BEGIN

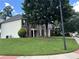 Side view of a brick two-story home with a well-kept lawn and mature trees at 1055 Havenstone Walk, Lawrenceville, GA 30045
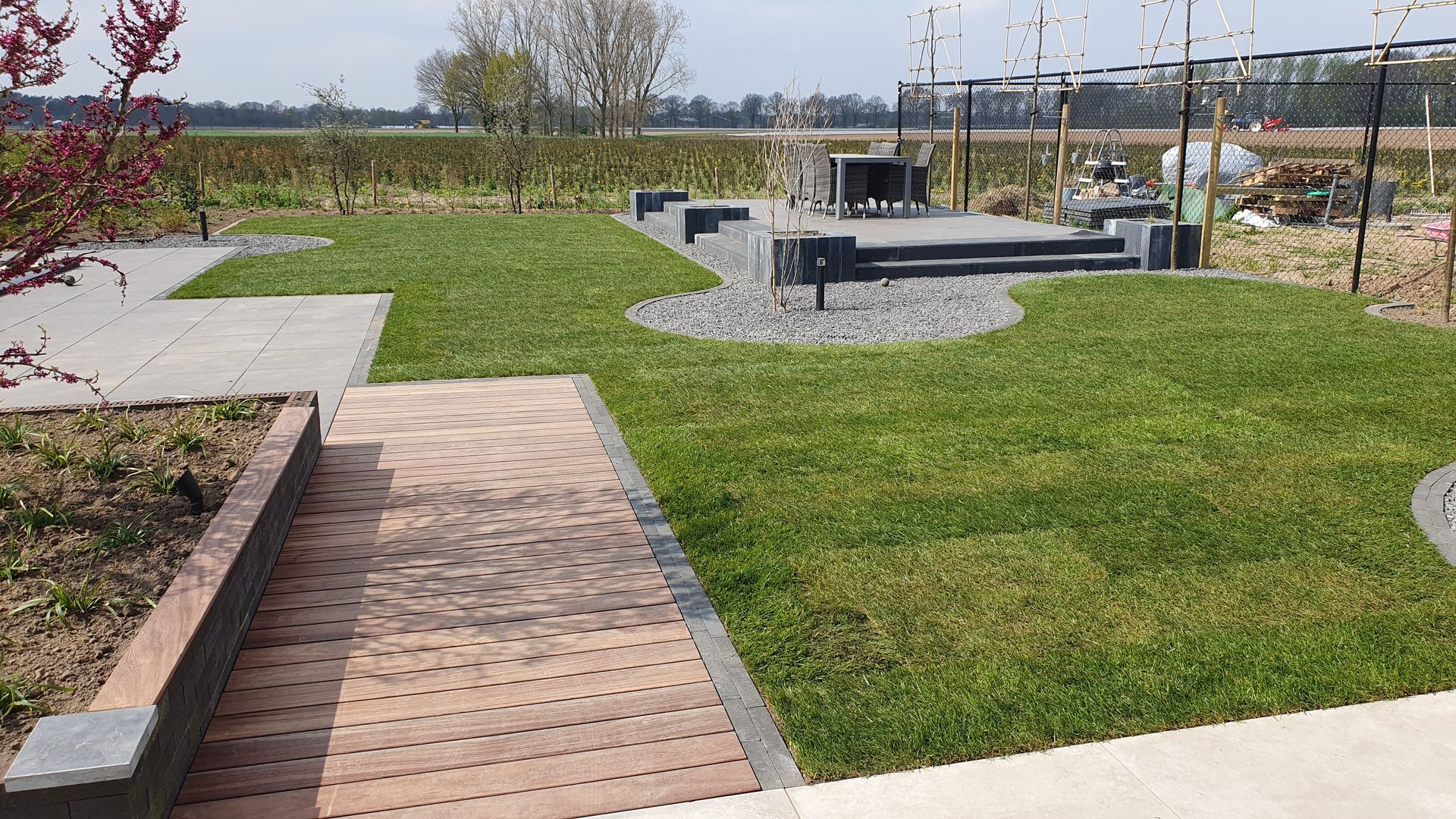 Een bakstenen pad door een aangelegd park met gras, een zitgedeelte met grind en bankjes bij een vijver.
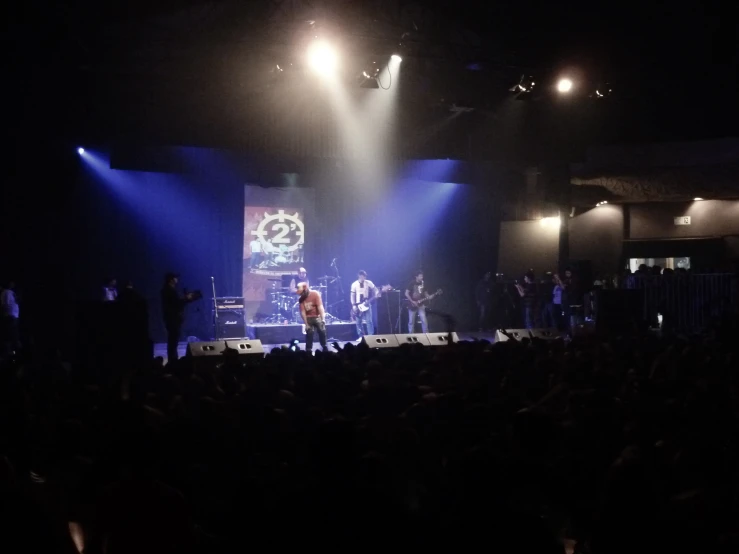 a band performing on stage at night with lights in the dark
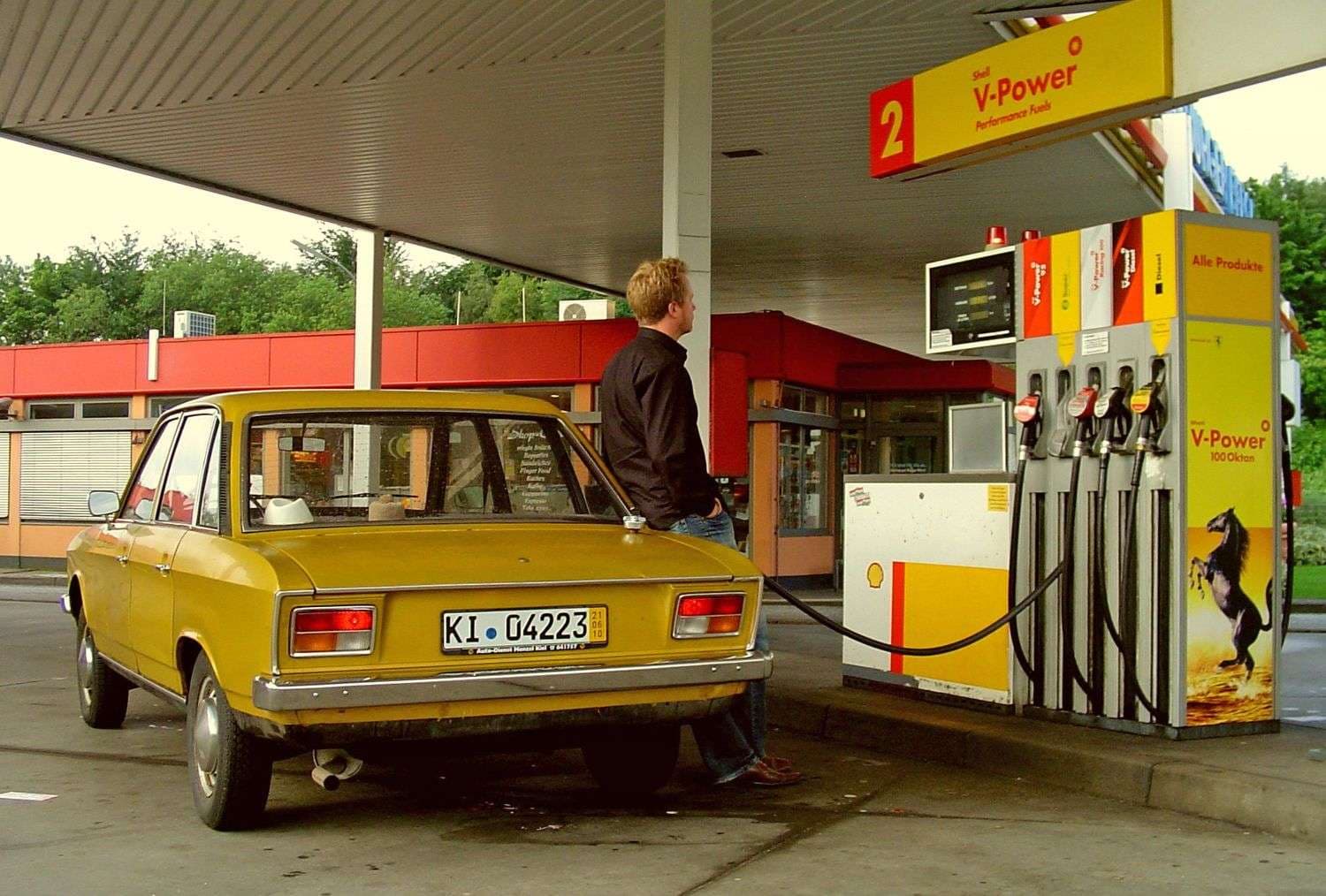 Goldener VW K70 L 1971 steht an einer Tankstelle und wird von Jens Tanz aufgetankt. Jens Tanz lehnt an Fahrzeug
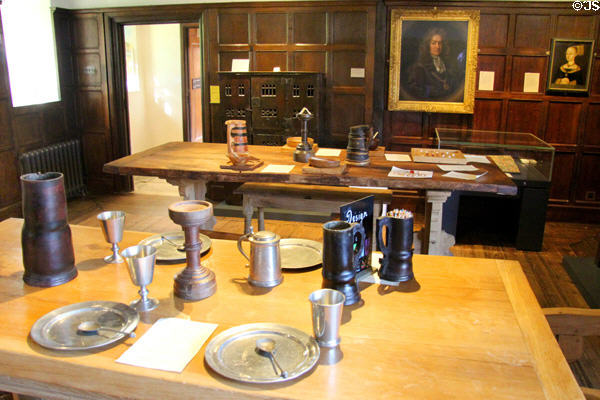 Antique pewter decorative arts, eating utensils and tankards such as might have been used at a 17thC inn at Broadway Museum & Art Gallery. Broadway, England.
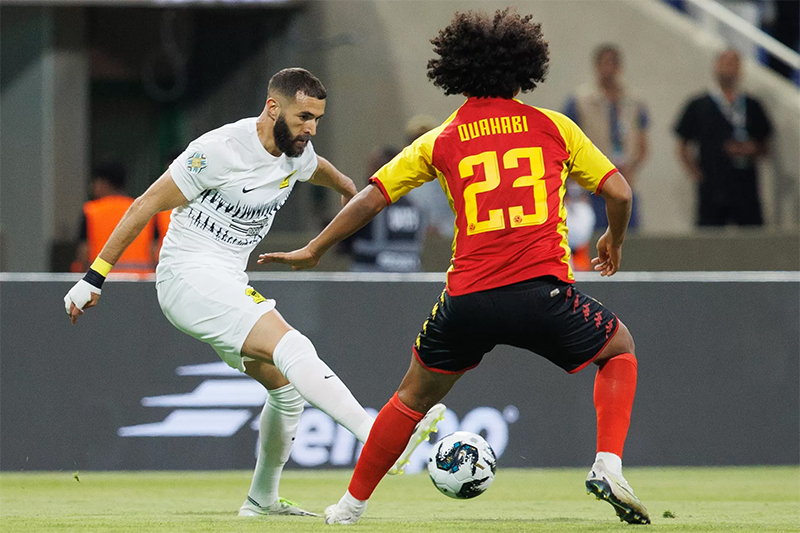 Karim Benzema (kirim) menggocek bola dalam laga debutnya bersama Al Ittihad di King Fad Stadium, Jumat (28/7).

END

→ TO DO:
Copy out the preceding entries without a single change, leaving out the pictures.

→ THE COMPLETED TASK:
 Side view of a brick two-story home with a well-kept lawn and mature trees at 1055 Havenstone Walk, Lawrenceville, GA 30045
 Een bakstenen pad door een aangelegd park met gras, een zitgedeelte met grind en bankjes bij een vijver.
 a band performing on stage at night with lights in the dark
 Goldener VW K70 L 1971 steht an einer Tankstelle und wird von Jens Tanz aufgetankt. Jens Tanz lehnt an Fahrzeug
 Antique pewter decorative arts, eating utensils and tankards such as might have been used at a 17thC inn at Broadway Museum & Art Gallery. Broadway, England.
 Karim Benzema (kirim) menggocek bola dalam laga debutnya bersama Al Ittihad di King Fad Stadium, Jumat (28/7).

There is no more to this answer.